■ The task:
Please reproduce all of the data below exactly, leaving each picture out.

■ Input data:
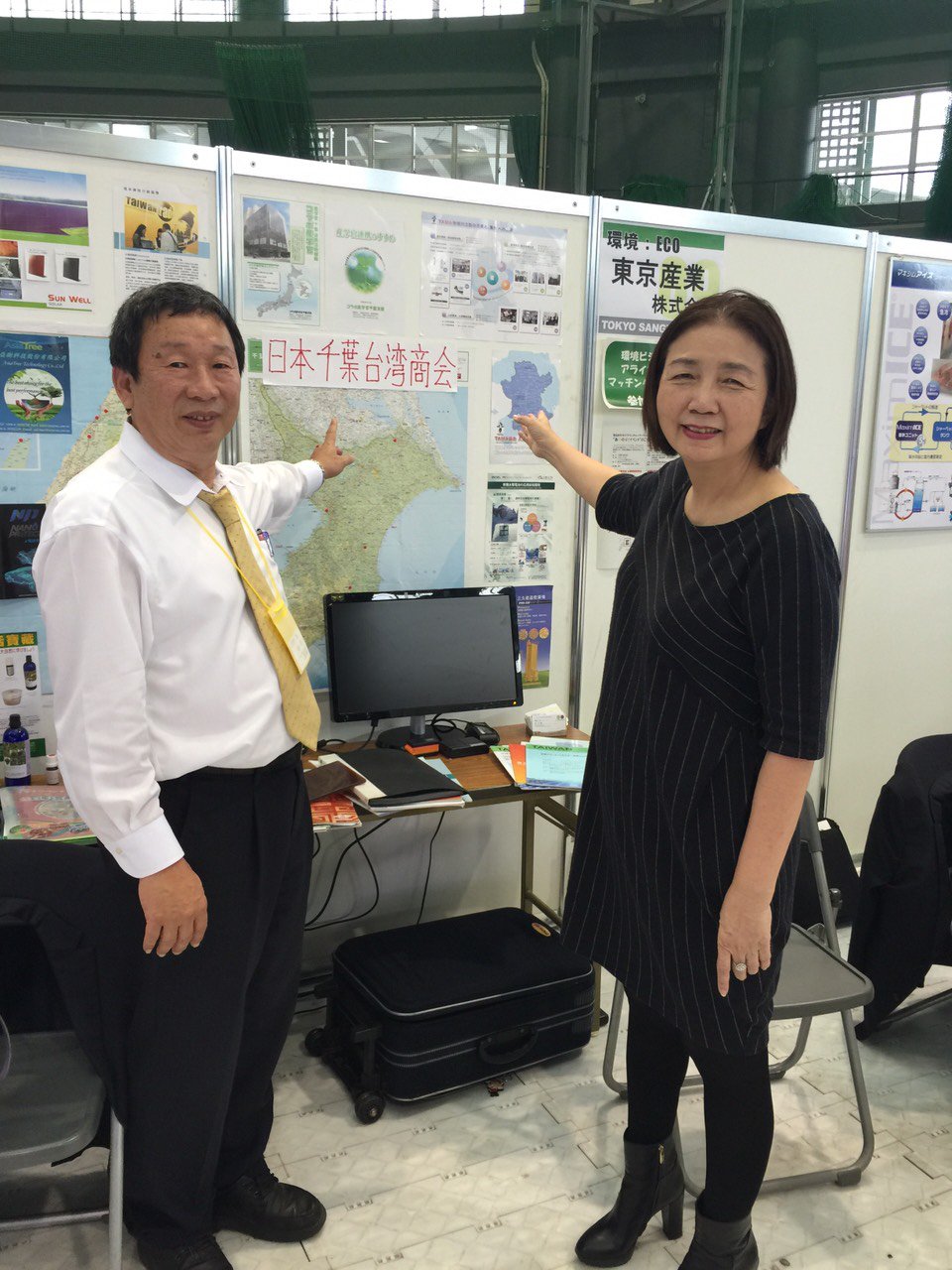 ��6��I�L�i���x���`���[�}�[�P�b�g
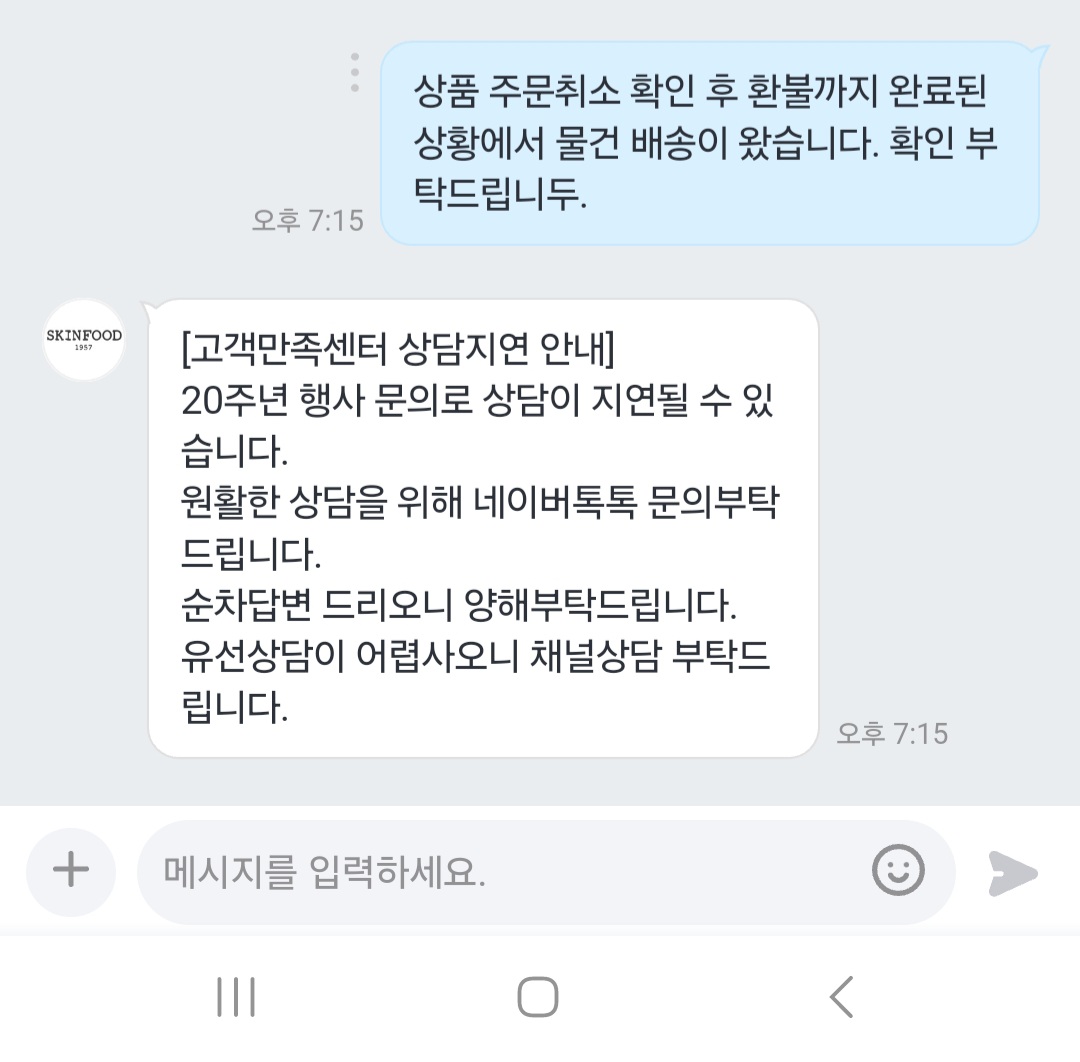 [잡담] 스킨푸드 환불했는데 배송왔어... | 인스티즈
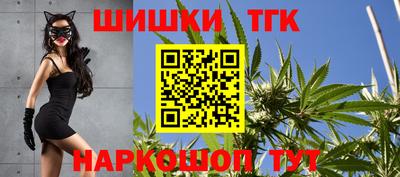 spice Чебоксары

■ Worked solution:
 ��6��I�L�i���x���`���[�}�[�P�b�g
 [잡담] 스킨푸드 환불했는데 배송왔어... | 인스티즈
 spice Чебоксары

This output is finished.